Ashutosh Srivastava <as12738@nyu.edu> Thu, 28 May 2020 19:20 UTC

From: Ashutosh Srivastava <as12738@nyu.edu>
Date: Thu, 28 May 2020 15:19:48 -0400
To: tcpprague@ietf.org
Subject: [tcpPrague] TSO burst sizing causing TCP Prague unfairness on high capacity links ?
Hi everyone,

I am a PhD student at the NYU Tandon School of Engineering. Recently, I
have been working on evaluating
<http://witestlab.poly.edu/~ffund/pubs/tcp-mmwave.pdf> low latency
congestion control protocols ( like BBR, TCP-Prague) over high capacity
mmWave wireless links. We observed unfairness between TCP Prague flows when
running over high capacity links ( not just wireless but in general ) and I
would like to share some of our findings here.

The plot below shows the throughput share between two competing TCP Prague
flows with one of them starting 5 seconds after the first one.  The
experiment settings were as follows:

   - This experiment was done on the Cloudlab
<https://www.cloudlab.us/> testbed
   with a 3-node topology ( source, router, receiver).
   - The bottleneck between the router and receiver was a 1 Gbps wired link
   ( 10 Gig interfaces , capacity restricted to 1Gbps using linux traffic
   shaping tools (tc) ).
   - The flows were sent using iperf3.
   - The AQM at the router was a FQ qdisc with a single bucket and was
   marking packets with ECN at a marking threshold of 5 ms. You can use the
   following parameters with the tc-fq qdisc to replicate this setting :  fq
   limit 5000p flow_limit 5000p orphan_mask 0 ce_threshold 5ms
   - The RTT scaling and ECN fallback features of TCP Prague were disabled
   for this set of experiments as we ran into some other issues with them.
   - The propagation / base delay of the setup was very low ( around 0.4 ms

[image: Screen Shot 2020-05-28 at 2.07.02 PM.png]

As you can observe, the second flow grabs almost all the
available bandwidth and the first one is starved. This experiment was done
using commit number e741f5a
the TCP Prague linux kernel implementation ( Apr 8 , 2020 ). After some
investigation, we found that there might be something broken with the TSO
burst sizing updates dones by TCP Prague. I disabled the TSO burst size
updates and ran the experiment with the exact same settings and found that
the fairness / convergence this time was much better. ( See next plot ).

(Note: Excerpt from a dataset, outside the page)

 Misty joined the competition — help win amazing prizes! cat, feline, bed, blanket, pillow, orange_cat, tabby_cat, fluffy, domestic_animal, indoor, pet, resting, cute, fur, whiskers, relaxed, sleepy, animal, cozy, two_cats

[image: Screen Shot 2020-05-28 at 2.10.28 PM.png]

We have not gone further on investigating / fixing this issue for now, but
this email was a follow up to a meeting we had earlier today with Bob, Koen
and other members of the TCP Prague team. I would be happy to answer your
questions / comments on these results and continue further discussion on
these issues.

Also, if interested you can look into the ss data plots ( srtt and cwnd )
for these two experiments at this link :

Thank you,

Ashutosh Srivastava
First year PhD student
Department of Electrical and Computer Engineering
NYU Tandon School of Engineering